### Task objective:
Skipping each picture, output the entries exactly as they stand below.
═══
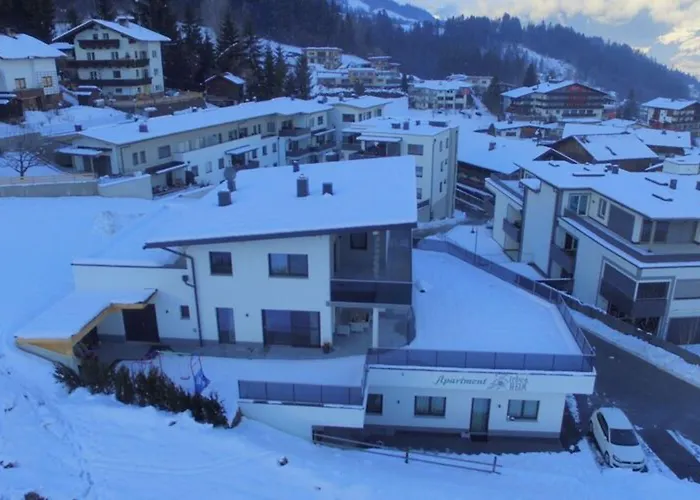 Apartamento Flat In Near The Area Fügen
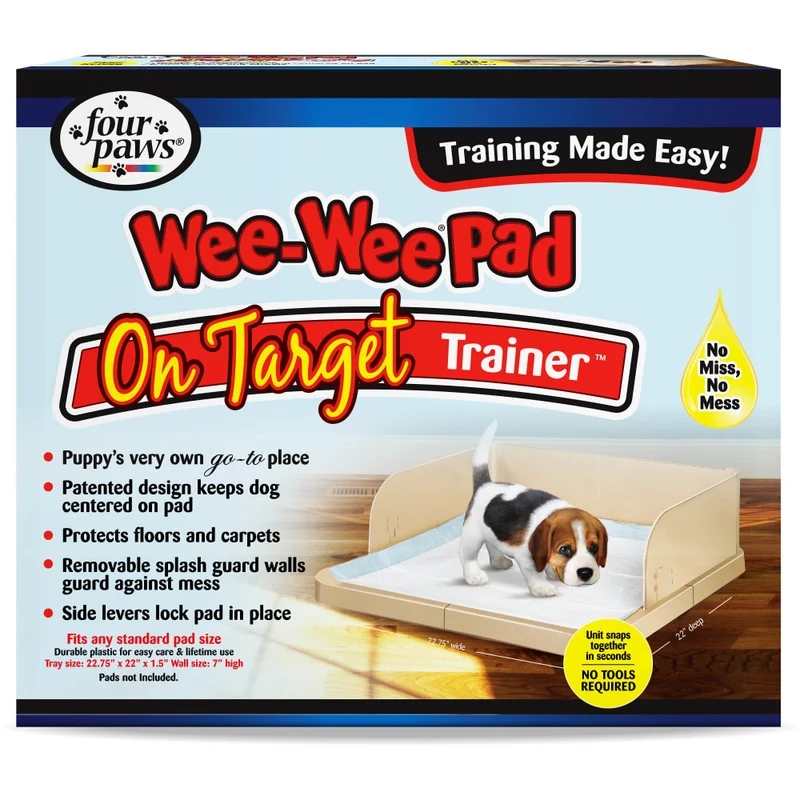 Marco Entrenador para Tapete Wee-Wee® On Target Trainer – 57.8 × 55.9 × 17.8 cm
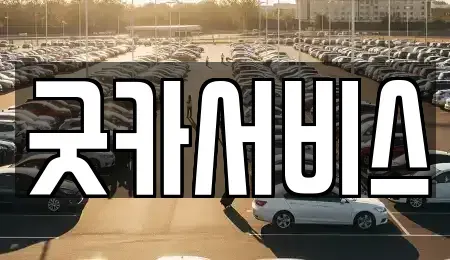 충청남도 천안시 동남구 유량동 장기렌트카 전문 굿카서비스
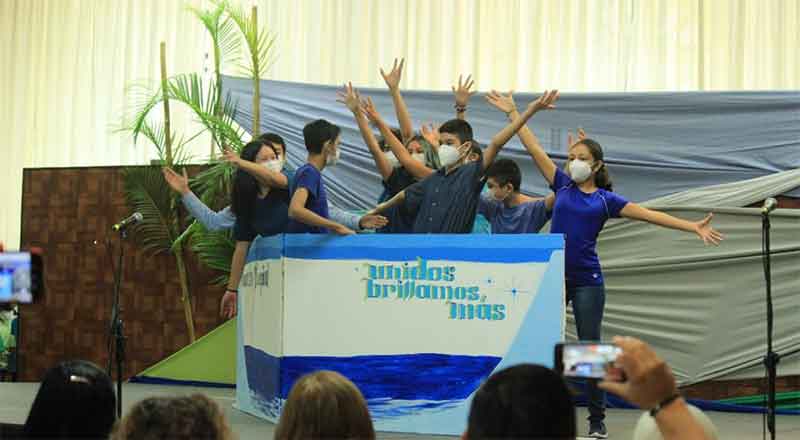 Concluye con éxito en Tampico curso de verano de cultura 1 TAMPICO 2 22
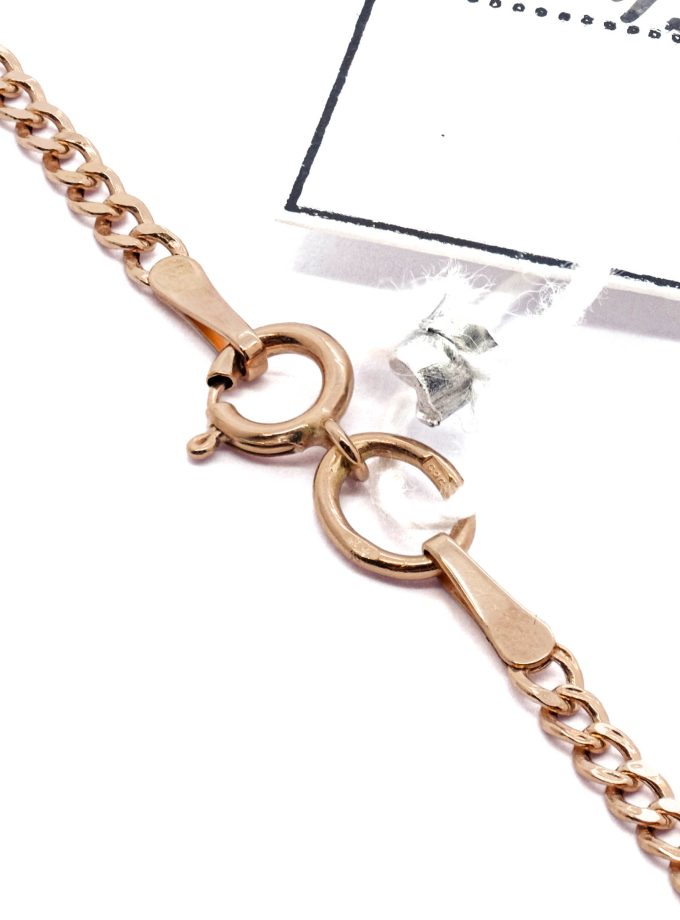 Rausvo aukso grandinėlė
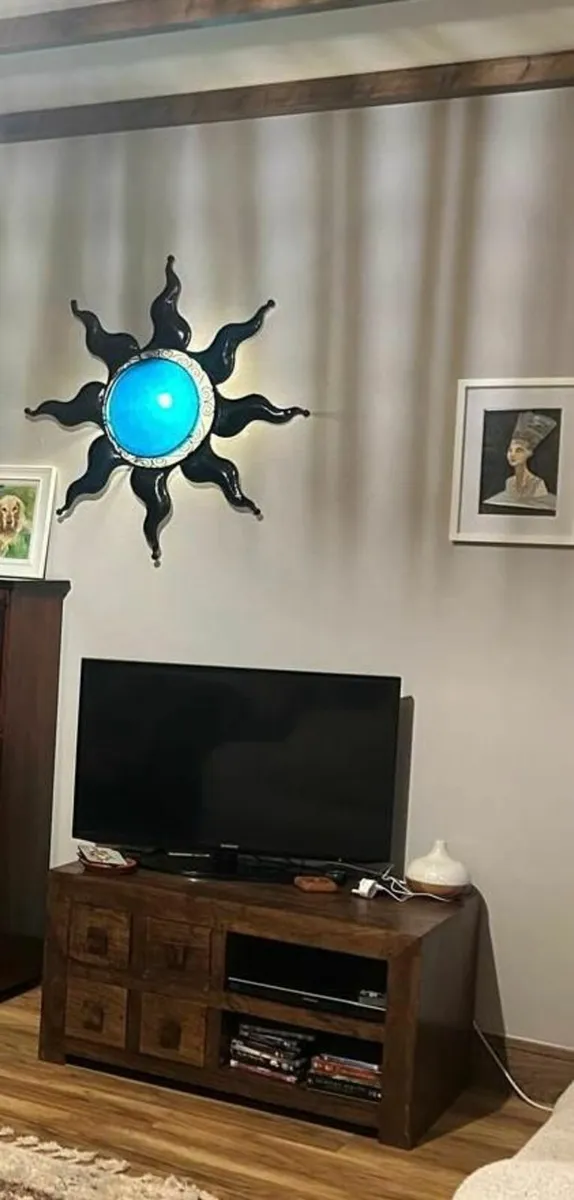 Asian wall lamp - Image 2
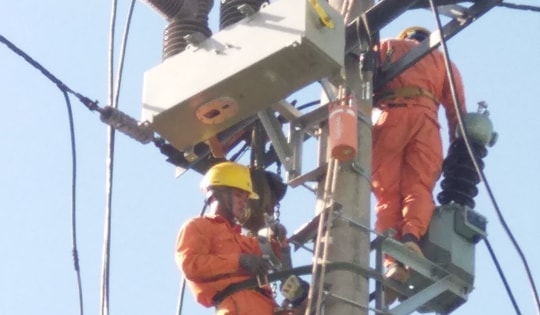 Lịch cúp điện Tây Ninh từ ngày 24 – 29/6/2025: Có nhiều khu dân cư có lịch cúp điện 13 tiếng/ngày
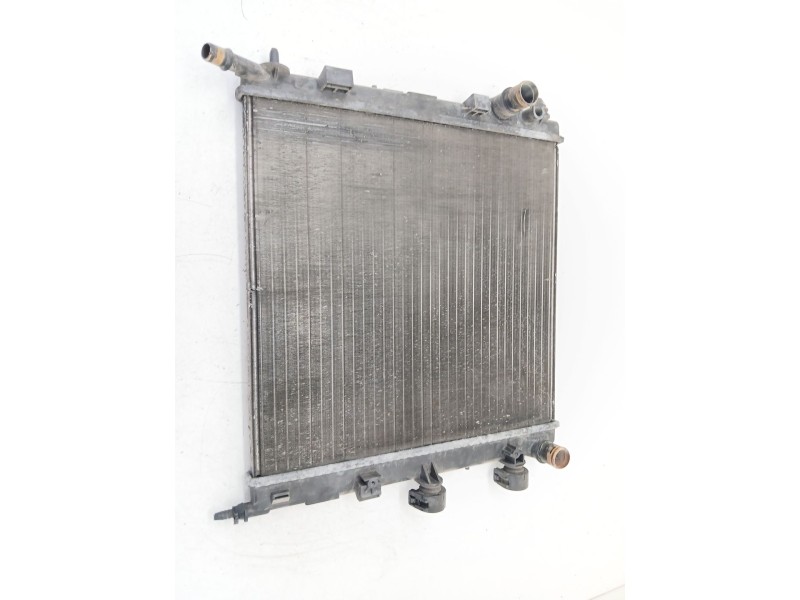 Recambio de radiador agua para citroën c3 i (fc_, fn_) 1.4 i referencia OEM IAM 9638520080  
							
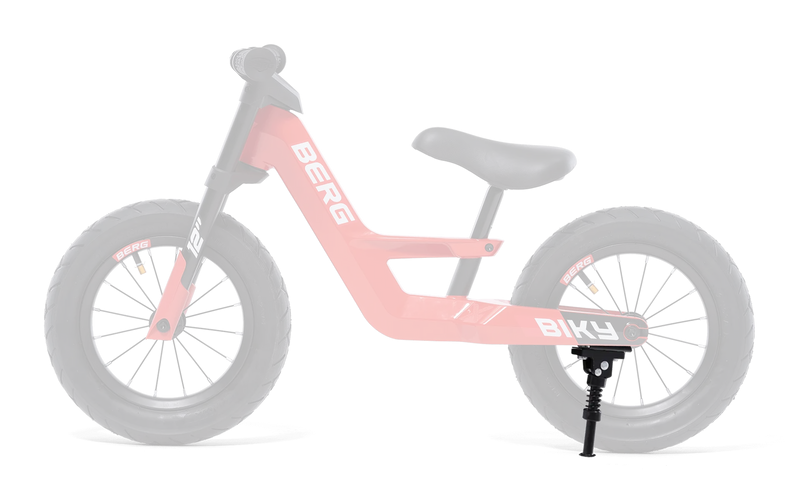 BERG Biky Kickstand for Easy Parking, Learning SPACE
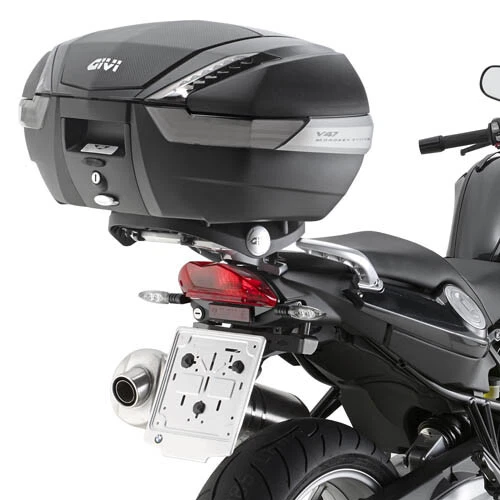 Topcase Vettore Portapacchi Con Monokey Piastra Givi M5 SR5109 BMW F 800 Gt St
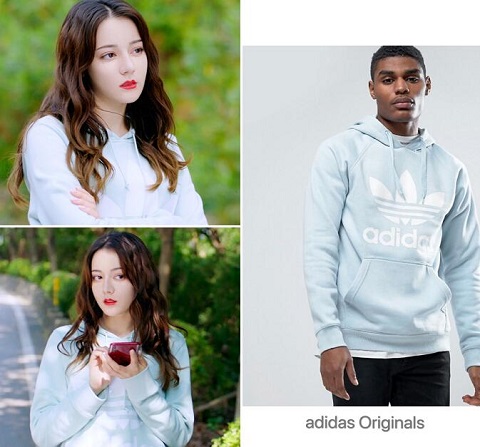 幸福触手可及迪丽热巴服装造型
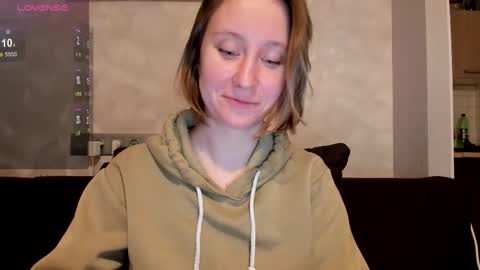 LusyaGreenberg online show from October 28, 8:03 pm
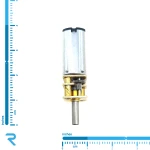 موتور گیربکس 6 ولت 400 دور مینی ZGA12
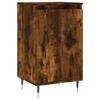 VidaXL Buffet chêne fumé 40x35x70 cm bois d'ingénierie 831046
═══
### Answer to this problem:
 Apartamento Flat In Near The Area Fügen
 Marco Entrenador para Tapete Wee-Wee® On Target Trainer – 57.8 × 55.9 × 17.8 cm
 충청남도 천안시 동남구 유량동 장기렌트카 전문 굿카서비스
 Concluye con éxito en Tampico curso de verano de cultura 1 TAMPICO 2 22
 Rausvo aukso grandinėlė
 Asian wall lamp - Image 2
 Lịch cúp điện Tây Ninh từ ngày 24 – 29/6/2025: Có nhiều khu dân cư có lịch cúp điện 13 tiếng/ngày
 Recambio de radiador agua para citroën c3 i (fc_, fn_) 1.4 i referencia OEM IAM 9638520080  
							
 BERG Biky Kickstand for Easy Parking, Learning SPACE
 Topcase Vettore Portapacchi Con Monokey Piastra Givi M5 SR5109 BMW F 800 Gt St
 幸福触手可及迪丽热巴服装造型
 LusyaGreenberg online show from October 28, 8:03 pm
 موتور گیربکس 6 ولت 400 دور مینی ZGA12
 VidaXL Buffet chêne fumé 40x35x70 cm bois d'ingénierie 831046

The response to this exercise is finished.